Portugal ainda tem o privilégio de ter apenas um epifenómeno oportunista chamado Marinho Pinto. Mas, não nos iludamos, não será por muito tempo. O sucesso do novo partido Podemos em Espanha faz com que seja inevitável que mais tarde ou mais cedo um movimento semelhante surja em Portugal com o objectivo de potenciar o descontentamento dos mais de 66% do eleitorado que não votou nas últimas eleições europeias.

É por isso interessante olhar para as propostas do Podemos e do seu líder Pablo Iglésias - que este fim-de-semana começou a liderar as sondagens de opinião à frente do PP (no governo) e do PSOE, principal partido da oposição, e que já tinha tido quase 8% dos votos nas Europeias. Totalmente desconhecido em Portugal, Iglesias foi um apoiante convicto do regime de Hugo Chavez e tem especial admiração pelas políticas seguidas por Chavez mas também por Cristina Kirchner na Argentina e por Evo Morales na Bolívia.

A base das suas ideias consiste num ódio ao capital privado e a defesa de um Grande Estado que tudo forneça aos seus cidadãos e que (quase) tudo proíba em nome de um suposto interesse democrático. Eis algumas ideias do seu programa económico: auditoria cidadã da dívida pública e privada para determinar qual a parte ilegítima da dívida que Espanha e os espanhóis não pagarão, redução do horário semanal para as 35 horas, reforma a partir dos 60 anos, eliminação das empresas de trabalho temporário, subida significativa do salário mínimo e fixação de um salário máximo, pensões garantidas, para quem não contribuiu, iguais ao salário mínimo interprofissional, recuperação do controlo público de sectores estratégicos como telecomunicações, energia, alimentação, transportes, saúde e indústria farmacêutica e paralisação de quaisquer privatização na área da Educação e Saúde - que devem ser totalmente grátis. Como serão financiadas tais medidas desse Grande Estado que tudo dá e tudo concentra?
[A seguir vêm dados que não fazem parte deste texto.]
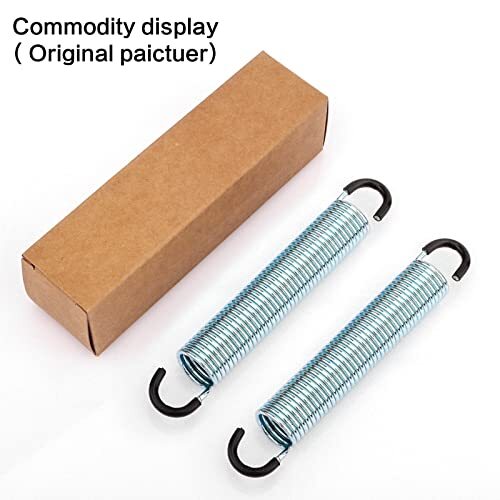 4-3/4 inch Furniture Recliner Sofa Chair Tension Springs Replacement, 2 Pack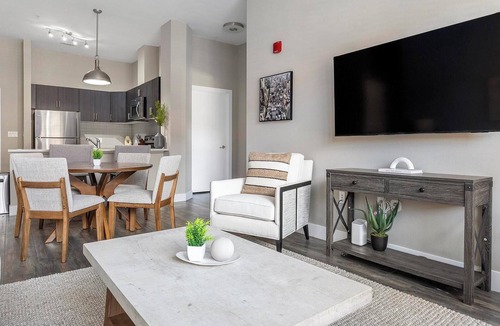 Washington Park West Apartment | Landing | Beautiful 2BD, Gym, Clubhouse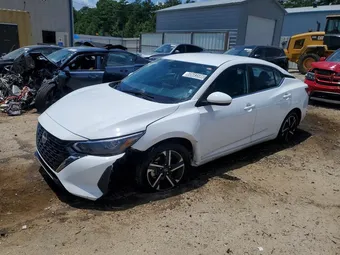 2025 Nissan Sentra 3N1AB8CVXSY389794 Lot 60603586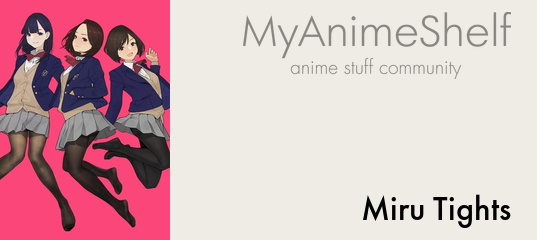 Anime TV on X: Бонусная иллюcтрaция к 12 серии «Miru Tights». #Miru_Tights   / X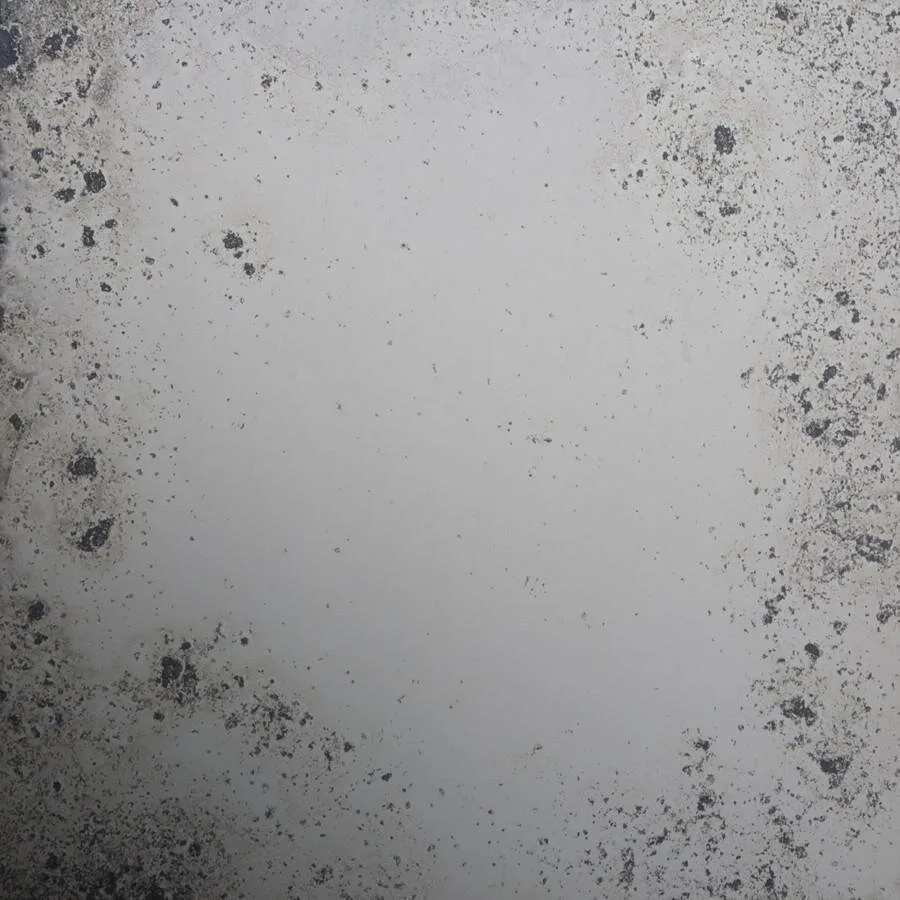 Rough Edges Antiqued Mirror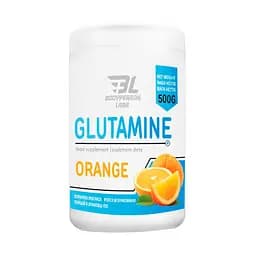 Амінокислота Bodyperson Labs Glutamine, 500 грам - Апельсин
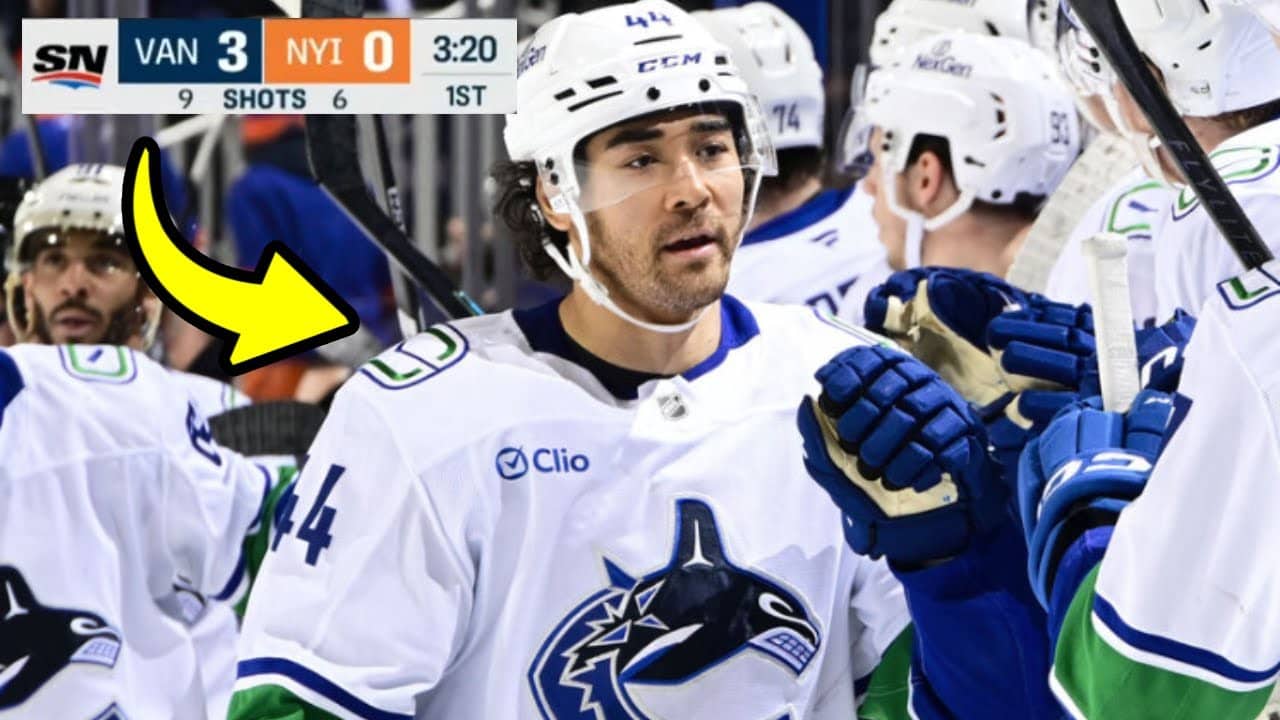 The Canucks are the most CONFUSING team in the NHL....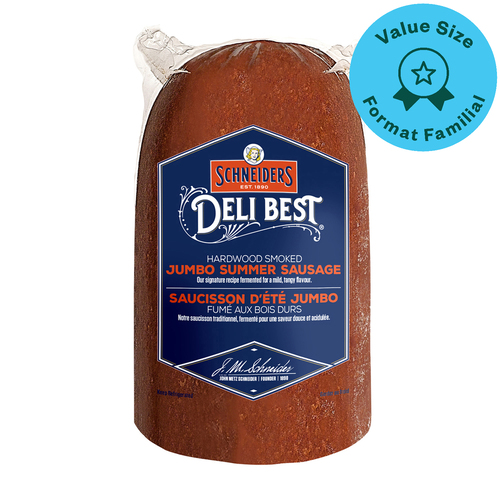 Schneider's Summer Sausage Jumbo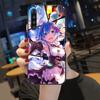 Rem Anime Cute Girl Phone Case For Xiaomi Mi 12 11T 10T 9T Lite Pro Ultra Note 10 Poco F3 F4 X4 GT Soft Black Phone Cover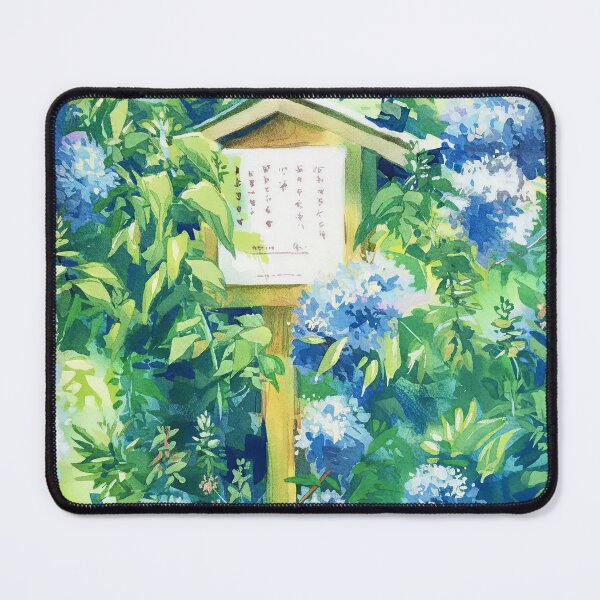 Item preview, Japanese panel and flowering bushes designed and sold by WhispersClub.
Ainda não sabemos, mas desconfia-se que será com mais impostos, taxas e promessas de um milagre económico semelhante à multiplicação dos pães.

Parte do sucesso do Podemos explica-se pelos mecanismos de democracia directa para aprovar as suas medidas. Recorrendo a Assembleias Populares onde supostamente tudo é discutido, Iglesias conseguiu criar a ilusão de um controlo democrático das decisões do seu partido. Daí a aprovação de outras ideias genéricas mas muito perigosas por pretenderem exactamente o contrário do que é apregoado. Aprovação de medidas para "democratizar" as administrações dos bancos, criação de uma banca pública com "gestão democrática debaixo de um controle social efectivo", "democratização real de todos os meios de comunicação social, promovendo a informação e a cultura" de modo a que a mesma "não esteja nas mãos de banqueiros, políticos, empresários mas sim ao serviço da cidadania."

Nada disto lhe soa a déjà- -vu, caro leitor? Não é preciso pensar muito para nos recordarmos dos antigos partidos comunistas nas suas diferentes variantes que também pretendiam "democratizar" todos os sectores com o fim da iniciativa privada mas não fizeram mais do que criar uma ditadura política e económica que destruiu uma parte significativa da Europa durante mais de 50 anos.


Temos de admitir que a democracia e o sistema capitalista precisam efectivamente de reformas profundas para aproximar os cidadãos da política e para criar um novo modelo económico. Mas não será com a demagogia das soluções fáceis (e velhas) que muito atraem os eleitores descontentes que isso acontecerá. Sob pena de regressarmos a um passado falhado.